In the last, open-ended phase, we want you to optimize your Multi-Paxos RPCs to improve some aspect of network performance—client latency, inter-replica bandwidth, or something else. Here are some possibilities:

Most likely, for every client request received by your implementation, your code goes through at least 2 message rounds (PROPOSE and ACK), and possibly more. This delay is inherent in Paxos, but there are still ways to optimize overall system performance. Our lockseq_model models 32 concurrent clients; perhaps your Paxos could batch a set of roughly-concurrent client operations into its PROPOSE, ACK, and DECIDE messages, thereby reducing bandwidth and potentially even latency.
Consider adding Chubby-style leader leases to enable optimization of get operations (but if you do, you’ll need a new client model, because our client model only makes modifying operations).
Raft and VR implement an optimization called client deduplication that can reduce consensus traffic related to retrying requests. This optimization remembers the latest request ID (the request.serial) committed for each client, and the corresponding response. When a client retries a request, the leader can just forward the previous response without re-executing consensus for the request.

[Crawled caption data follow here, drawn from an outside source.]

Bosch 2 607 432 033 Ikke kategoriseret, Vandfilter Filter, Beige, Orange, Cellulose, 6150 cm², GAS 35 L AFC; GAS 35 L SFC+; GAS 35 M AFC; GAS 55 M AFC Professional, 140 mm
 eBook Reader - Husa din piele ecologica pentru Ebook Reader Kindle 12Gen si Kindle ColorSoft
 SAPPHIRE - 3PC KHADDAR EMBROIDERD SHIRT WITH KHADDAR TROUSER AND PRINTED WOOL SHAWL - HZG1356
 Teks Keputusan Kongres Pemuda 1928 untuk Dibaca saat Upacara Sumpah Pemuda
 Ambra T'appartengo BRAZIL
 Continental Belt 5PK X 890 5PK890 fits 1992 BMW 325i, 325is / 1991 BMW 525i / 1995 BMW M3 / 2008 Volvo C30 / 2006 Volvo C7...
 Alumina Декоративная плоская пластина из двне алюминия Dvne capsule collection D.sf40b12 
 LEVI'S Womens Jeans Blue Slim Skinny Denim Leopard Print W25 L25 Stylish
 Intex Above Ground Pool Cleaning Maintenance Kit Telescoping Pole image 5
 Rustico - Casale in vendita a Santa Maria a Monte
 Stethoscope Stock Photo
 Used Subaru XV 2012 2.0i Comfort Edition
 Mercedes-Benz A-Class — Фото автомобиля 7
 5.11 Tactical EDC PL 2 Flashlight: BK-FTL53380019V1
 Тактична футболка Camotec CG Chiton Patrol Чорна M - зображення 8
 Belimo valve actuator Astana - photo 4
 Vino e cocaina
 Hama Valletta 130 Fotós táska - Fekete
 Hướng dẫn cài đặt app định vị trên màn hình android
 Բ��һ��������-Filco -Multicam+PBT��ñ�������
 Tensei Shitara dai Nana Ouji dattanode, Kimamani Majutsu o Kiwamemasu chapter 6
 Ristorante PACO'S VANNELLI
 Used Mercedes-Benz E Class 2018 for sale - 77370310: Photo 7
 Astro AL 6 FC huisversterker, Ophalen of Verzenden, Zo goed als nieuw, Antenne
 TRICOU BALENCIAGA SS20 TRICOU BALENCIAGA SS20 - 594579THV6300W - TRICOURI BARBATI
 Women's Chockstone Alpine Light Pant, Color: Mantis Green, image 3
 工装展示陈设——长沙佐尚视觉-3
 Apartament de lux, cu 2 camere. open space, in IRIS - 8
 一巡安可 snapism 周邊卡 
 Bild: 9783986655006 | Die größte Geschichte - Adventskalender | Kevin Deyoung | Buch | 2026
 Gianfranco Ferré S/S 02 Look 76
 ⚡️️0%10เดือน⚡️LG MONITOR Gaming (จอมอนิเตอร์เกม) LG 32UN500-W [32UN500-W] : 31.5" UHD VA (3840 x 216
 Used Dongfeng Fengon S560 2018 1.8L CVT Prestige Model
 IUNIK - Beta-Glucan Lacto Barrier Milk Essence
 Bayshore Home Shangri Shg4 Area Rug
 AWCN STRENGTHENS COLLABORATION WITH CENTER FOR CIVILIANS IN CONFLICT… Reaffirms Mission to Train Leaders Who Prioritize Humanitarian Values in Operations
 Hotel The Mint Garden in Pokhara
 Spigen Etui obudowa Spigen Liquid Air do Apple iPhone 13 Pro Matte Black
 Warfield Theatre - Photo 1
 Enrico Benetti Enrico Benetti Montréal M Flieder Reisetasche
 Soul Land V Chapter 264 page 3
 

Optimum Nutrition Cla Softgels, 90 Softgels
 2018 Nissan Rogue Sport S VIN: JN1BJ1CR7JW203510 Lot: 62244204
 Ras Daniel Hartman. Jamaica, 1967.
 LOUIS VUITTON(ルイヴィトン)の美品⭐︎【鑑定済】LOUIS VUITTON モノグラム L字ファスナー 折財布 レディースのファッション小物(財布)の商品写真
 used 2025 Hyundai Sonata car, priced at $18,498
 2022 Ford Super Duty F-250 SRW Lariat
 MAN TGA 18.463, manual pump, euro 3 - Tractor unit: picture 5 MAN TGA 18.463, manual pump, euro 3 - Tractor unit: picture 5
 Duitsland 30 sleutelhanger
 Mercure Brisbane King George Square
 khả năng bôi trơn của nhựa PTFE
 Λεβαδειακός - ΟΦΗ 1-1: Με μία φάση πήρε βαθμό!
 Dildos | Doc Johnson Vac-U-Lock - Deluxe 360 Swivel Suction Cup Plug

This could become important if client-to-server channels have reasonably high loss rates.

Optimization requires measurement, so you’ll first have to add code to measure the performance of your RPCs. This might involve a script that parses -V output, but it’s probably better in the end to add performance metrics, such as average latency between request and response, to your client model and/or Paxos implementation. Read lockseq_model.cc to see how the client model works.

Extra phases

There’s further to go if you’d like. Consider designing and writing your own client models; can you find one better than lockseq_model at catching bugs? Or implement a view change protocol that supports adding and removing servers from a running replica group. Or implement a state transfer mechanism. This would allow a new server to copy the underlying database state from existing servers in bulk, which is usually faster than replaying an operation log (and has the additional advantage that it allows servers to truncate their logs).

Hints

First read our Multi-Paxos notes.

Your first design challenge involves the concept of a slot number. Multi-Paxos agrees on successive versions of an append-only log data structure comprising a sequence of slots. Logically, each slot could be handled by a separate instance of the Paxos protocol. But slots are not Paxos rounds. When there’s a stable leader, that leader stays in a single round while committing successive operations to increasing slots. How will you represent a slot number and a round? Maybe you can combine them—e.g., put the slot number in the lower bits of a “slot + round” parameter. Or maybe it’s cleaner to keep them separate. How do Raft and VR handle this?

As in pset 2, the simulation is fully deterministic for a given seed. If you find a failing seed, you can reproduce and debug it exactly. Tag your code with git tag when you find interesting failures so you can come back to them.

The handout code is configured with loss rate 0, but after phase 1, it’s probably better to change the default loss rate to something like 0.01. With no loss, even a broken protocol may appear to work.

Turnin

You will commit your code and a writeup in pset3/TURNIN.md that describes your work.

You are amazing, but at some point during your work, you will have a bug in your implementation. Your TURNIN.md must describe this bug, give a commit hash that demonstrates the bug, and describe how you found it and how you fixed it. Give specific pt-paxos arguments that demonstrate the error.